The point is that such categories are so broad that they could include almost everyone. And that’s the point. Almost everyone, rich or poor, successful or unsuccessful, if a deep believer in the tenets of Islam, could become a terrorist –or, at least as importantly, could support and defend terrorists. All those parents who made the name “Osama” the most popular name in the Arab Muslim world after 9/11/2001 — what are they? Are they “drifters” or “misfits” or “entrepreneurs” or “proteges”? Or are they just normal, Allah-fearing Muhammad-worshipping Muslims, exhibiting the attitudes that come naturally if you take your Qur’an and Hadith seriously?
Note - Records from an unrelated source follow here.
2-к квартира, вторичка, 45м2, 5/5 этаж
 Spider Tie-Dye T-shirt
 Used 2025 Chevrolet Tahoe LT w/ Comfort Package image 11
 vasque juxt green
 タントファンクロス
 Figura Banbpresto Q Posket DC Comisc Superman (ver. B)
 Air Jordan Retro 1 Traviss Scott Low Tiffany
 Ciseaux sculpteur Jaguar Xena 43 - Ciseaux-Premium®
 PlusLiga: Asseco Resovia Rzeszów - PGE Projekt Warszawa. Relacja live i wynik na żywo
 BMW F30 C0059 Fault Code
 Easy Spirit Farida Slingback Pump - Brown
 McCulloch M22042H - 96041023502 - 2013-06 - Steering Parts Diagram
That is why this solemn taxonomy is so telling — not because it is helpful, but because it isn’t. Because it includes, in its categories, almost everyone at one time or another in their lives. Infidel “drifters” and “misfits” and “proteges” and “entrepreneurs,” lacking the belief-system of Islam, are not a threat. But those who view the world through the prism of Islam, a prism that was handed to them often at birth, and through which others they know are also viewing the world, teaches them, encourages them, reinforces in them at every step to view that division between Believer and Infidel as the one that matters, and to work, not always violently, but still to work, for the goal of spreading Dar al-Islam until Islam everywhere dominates.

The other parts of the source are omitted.